Con la remodelación de la estructura del Govern provocada por la marcha de Junts, Vilagrà asumirá en solitario una de las piezas clave del ejecutivo, la coordinación y seguimiento del Consell Tècnic, y lo hará sin las limitaciones que imponía la existencia de un vicepresident, a quien, corresponde convocar y presidir este órgano. El Consell Tècnic es el espacio en que los secretarios generales de todos los departamentos tienen que dar cuenta de los proyectos que tienen entre manos antes de recibir luz verde para que lleguen al Consell Executiu. Allí se concentra toda la información sobre todo aquello que se hace y se deshace en el Govern.

Además, Vilagrà ha asumido del antiguo departamento de Polítiques Digitals, las competencias sobre "las telecomunicaciones, las políticas de ciberseguridad y de servicios de identificación electrónico, y de identidad y confianza digital", por lo cual dependen ahora de su conselleria, entre otros, el Centro de Telecomunicaciones y Tecnologías de la Información de la Generalitat (CTTI) y la Agencia de Ciberseguridad de Catalunya.
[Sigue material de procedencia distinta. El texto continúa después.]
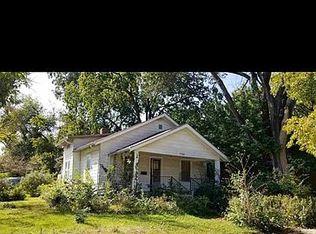 1501 Houston St, Manhattan, KS 66502
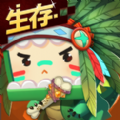 迷你世界兔子先生拉比新皮肤激活码永久版  v1.30.1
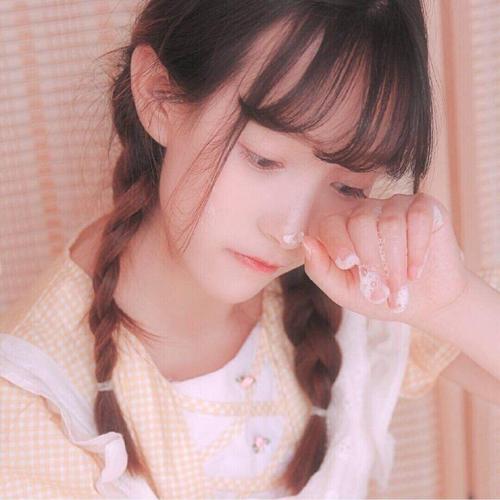 (Cao Tiến) - (Wo De Hao Xiong Di)【越南鼓】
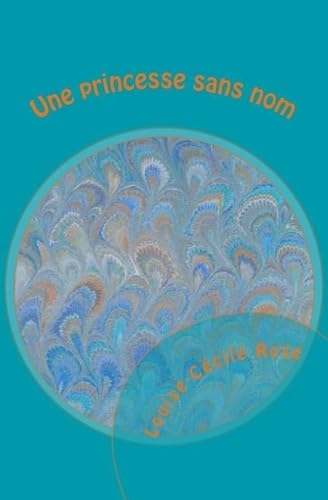 Product Image: Une princesse sans nom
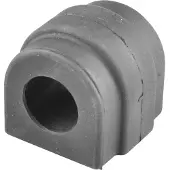 TEDGUM TED17327 Stabilisatorstang rubber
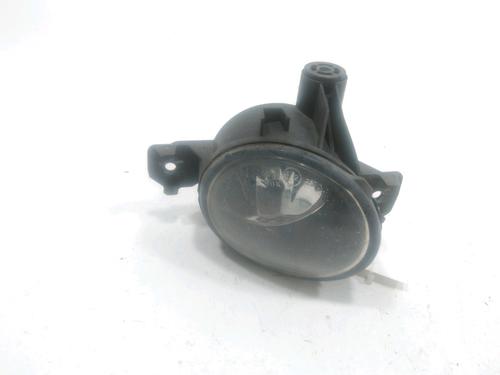 Used Right front fog light BMW 1 (E87) 118 d (122 hp) 31004506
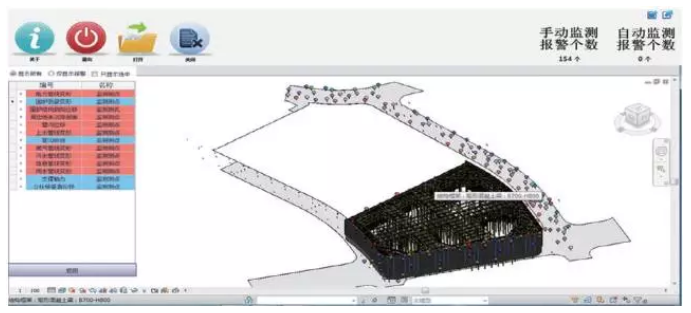 1601263900480694.png image.png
También ha recibido del departamento de Puigneró la dirección de las delegaciones territoriales del Govern de la Generalitat, las responsabilidades sobre la atención ciudadana y la información de servicios y los programas de la Administración, así como la coordinación y dirección de los sistemas de información.

Procesos electorales

Del departamento de Acció Exterior y Govern Obiert que encabezaba la consellera Victòria Alsina ha asumido "las políticas de transparencia, buen gobierno, gobierno abierto, datos abiertos y participación y calidad democrática, y los procesos electorales".

De las competencias que Jaume Giró ostentaba en la conselleria de Economia i Hisenda ha recibido una pieza clave en la relación con los medios como es la "difusión de la actividad del Govern de la Generalitat, y la gestión y comunicación corporativa e institucional de la Administración de la Generalitat". De la secretaría de difusión depende, entre otros, la publicidad institucional, con el impacto que eso comporta sobre los medios de comunicación.

De departamento de Justícia que encabezaba Lourdes Ciuró, Vilagrà ha asumido "los asuntos religiosos", en una decisión que se ha interpretado como la voluntad de dejar esta carpeta fuera del ámbito de actuación de la consellera de Justícia, la exsecretaria general de Podem en Catalunya Gemma Ubasart.

Todo ello se sumará a las funciones que ya tenía asignadas este departamento, como la representación jurídica del Govern, la coordinación interdepartamental, la estrategia comunicativa del Gobierno, la cooperación con la Administración local y las relaciones institucionales y con el Parlament. En definitiva, una nova macroconselleria.